Ichiro’s confidence in his abilities and willingness to back it up with action isn’t exactly like the members of the “roll call” of the “heroes of faith” we resume in Hebrews today, but it’s not a bad metaphor. Unlike Ichiro, these biblical examples of trust did not merely have to trust in their own abilities; instead, their trust was in God alone, a far more secure locus of our trust than anything we ourselves can accomplish.
The roll call resumes in today’s reading after a little more elaboration about Abraham, including that horrible moment when he was about to sacrifice his son Isaac at God’s seeming command. It’s hard to know exactly what Abraham was about in this case; was he trusting that God would indeed pull back from his command to sacrifice his son, his one heir through whom God’s promise of a great nation of descendents was to be fulfilled? Was he trusting that God would find another way to fulfill that promise, and willingly giving up his seemingly innocent son? It’s a hard story, a kind of “text of terror” that, if we’re reading scripture with any integrity at all, should make us stop short and frankly be offended by it.
Continuing, the roll call comes to Moses and his leadership of the Hebrew people out of Egypt, where we pick up a bit in the middle of the sequence. To begin anything with “By faith the (Hebrew) people … “ is actually a bit ironic, since back in chapter three of this very same sermon those same people are reprimanded for their lack of faith for their rebelliousness in the wilderness, an event that happened after the crossing of the Red Sea that is referenced in today’s reading.

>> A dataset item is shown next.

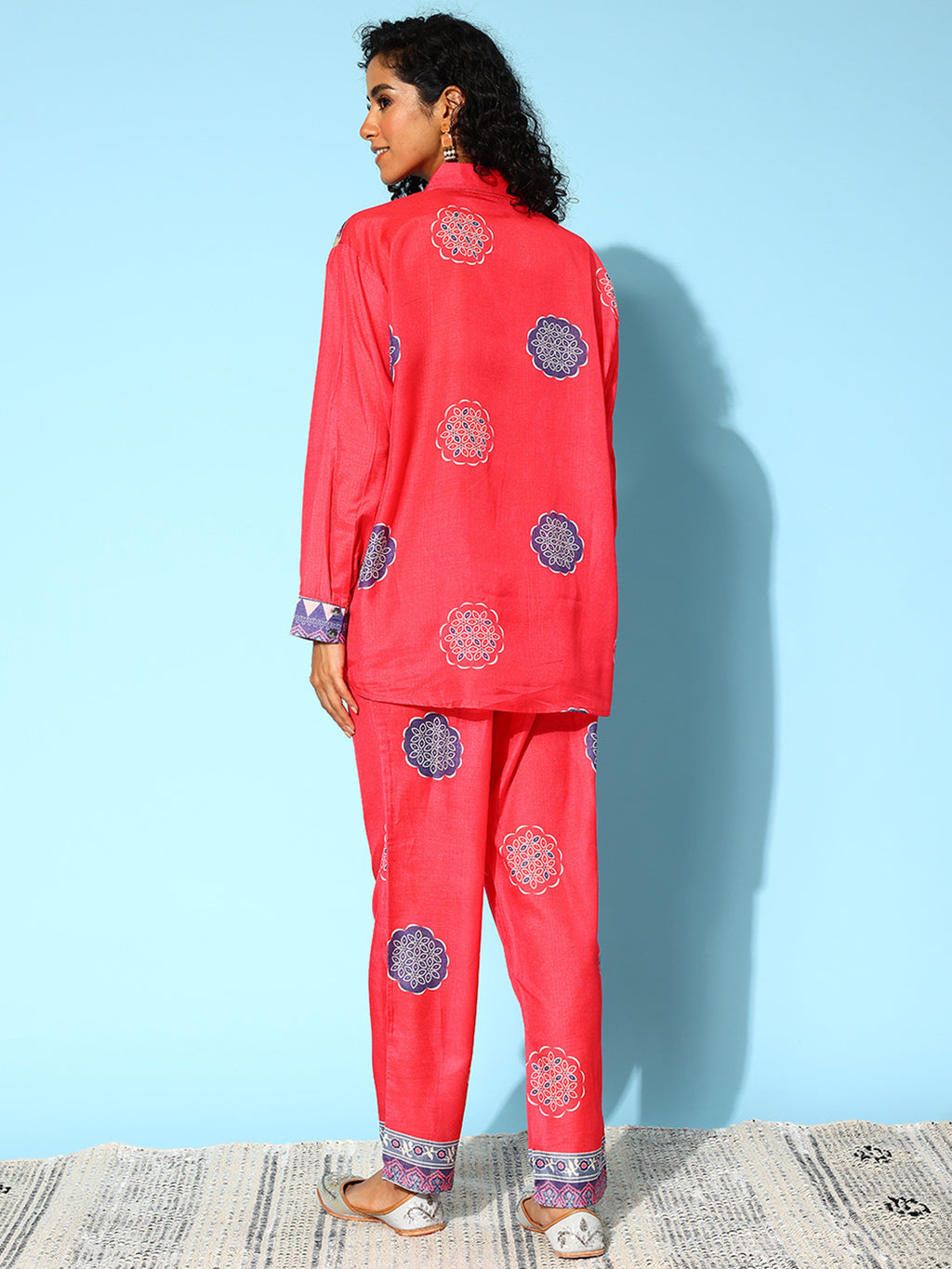 Red Collar Embellished Co-Ords Set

There’s a warning for us here. This faith, this trust to which Hebrews encourages us isn’t a one-time thing. Since we’re in the midst of the Olympics right now I’ll borrow a track-and-field metaphor; a hurdler doesn’t get to pull up and celebrate after successfully surmounting the first hurdle. There are more hurdles on the track, and the race isn’t over until the hurdler successfully jumps all of them and crosses the finish line. Similarly, one act of trust isn’t the end of our journey of faith; the journey continues, and we have to follow it to its end, trusting God all the way and acting on that trust as God calls us forward.  
This warning is countered by the good news inherent in the inclusion in this roll call of Rahab. Do you remember Rahab, from Joshua 2? When Joshua sent spies to scope out the city of Jericho and its defenses, it was Rahab who sheltered those spies in her home and hid them from the king of Jericho’s officers. After sending them on a wild goose chase, Rahab sends the spies on with a rather remarkable confession of Jericho’s fear before the Israelites and swears the spies to safeguard her and her family (which they do in chapter 6). It’s a pretty remarkable sub-story within the greater story, and her trust in this God she would hardly have had reason to know, and her action upon it, is apparently enough to win her a place in this roll call of honor.

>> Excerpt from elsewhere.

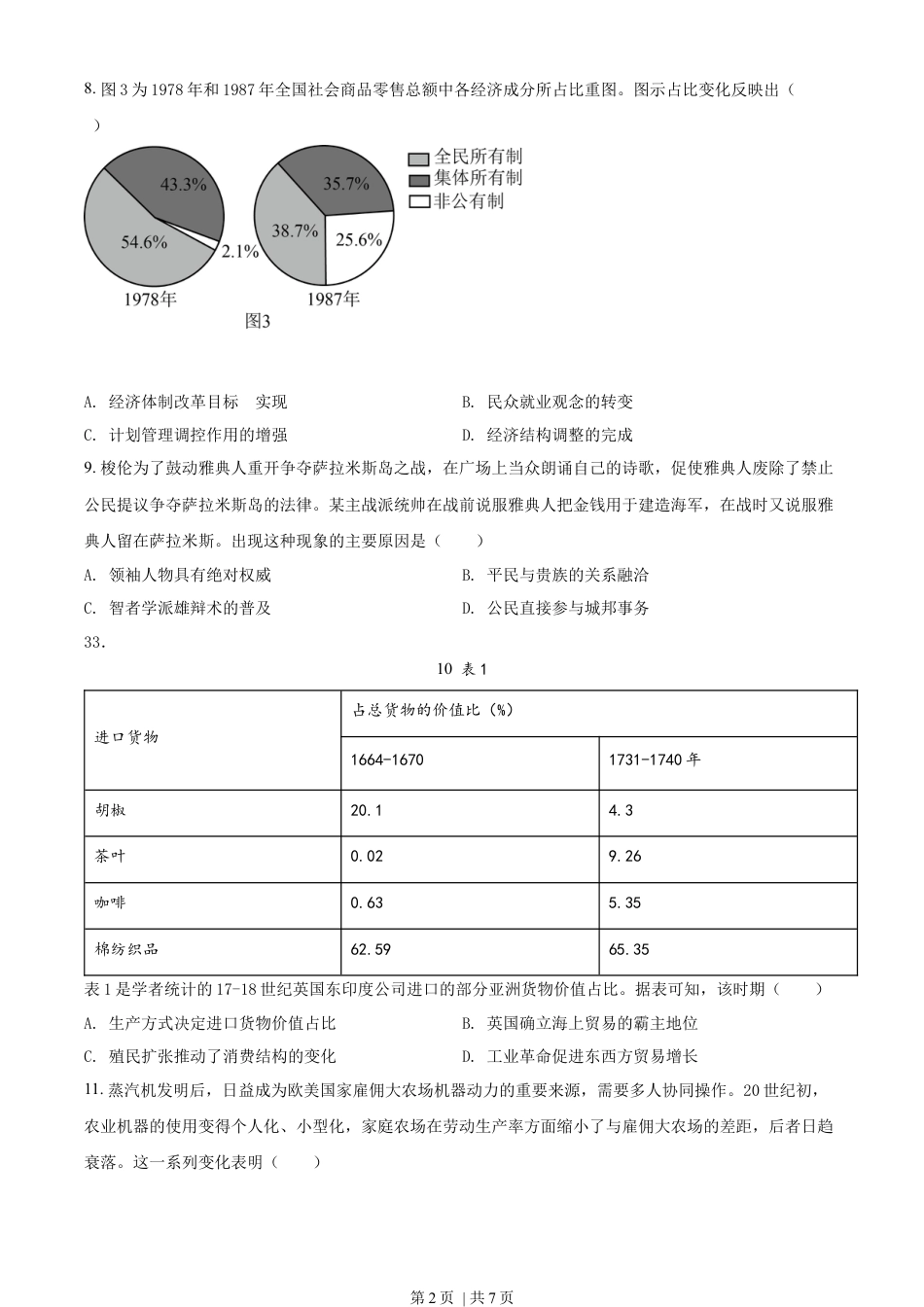 2022年高考历史试卷（全国甲卷）（空白卷）.docx_第2页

Still, though, you can imagine some reader sidling up to the author of this Hebrews sermon and saying, “But Rahab was … you know … she was a … a … a prostitute.” And our nervous nelly would not be wrong; Rahab was indeed a prostitute in Jericho. From this take with you this good news; as long as you still walk on this earth, it is not too late to trust in God – to place your faith in God – and to act upon that trust. And we “good Christian folk” had better realize that trust will not always be confined to our ranks. We are in no position to judge the trust of another, or to place restrictions on where that trust will show itself.

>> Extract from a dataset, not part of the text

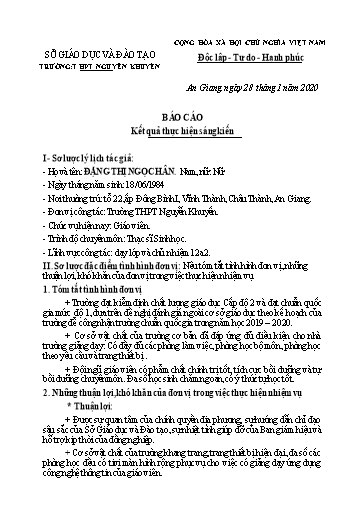 Sáng kiến kinh nghiệm Tổ chức hoạt động trải nghiệm sáng tạo trong dạy học phần Sinh học Vi sinh vật, Sinh học 10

The good news in turn is followed by another word of warning. Our preacher starts to wind up the roll call by adding several more names without elaboration of their deeds, trusting the readers to recall them. Some of the names are familiar to us, or at least can be found in the Old Testament if you want to go looking, but some of what our preacher describes isn’t that familiar. Beginning at about the midpoint of verse 35, the fates of these heroes of faith take a rather darker turn, don’t they? Up to then it’s all winning wars and conquering and shutting the mouths of lions (sounds like Daniel there), but all of a sudden these fates turn a lot darker. Mocking, flogging, chains, prison; stoning, being sawn in two (!!!), being killed by sword; living in destitution, persecution, homelessness; again these are the “heroes of faith” we’re talking about here!
Real faith – genuine unalloyed trust in God and the willingness to act on it regardless of care or consequence – does not always win us any popularity medals. Anyone who tries to tell you that a life of faith is a “get out of trouble free” card is not speaking truth to you, and if that’s what you’re looking for this isn’t the place to find it. Nor does a life lived in trust in God seek to avoid them, but to endure them, to surmount them like our hurdler from earlier, and to continue to run the race. Again with the athletic metaphor! But now that metaphor is about to break down.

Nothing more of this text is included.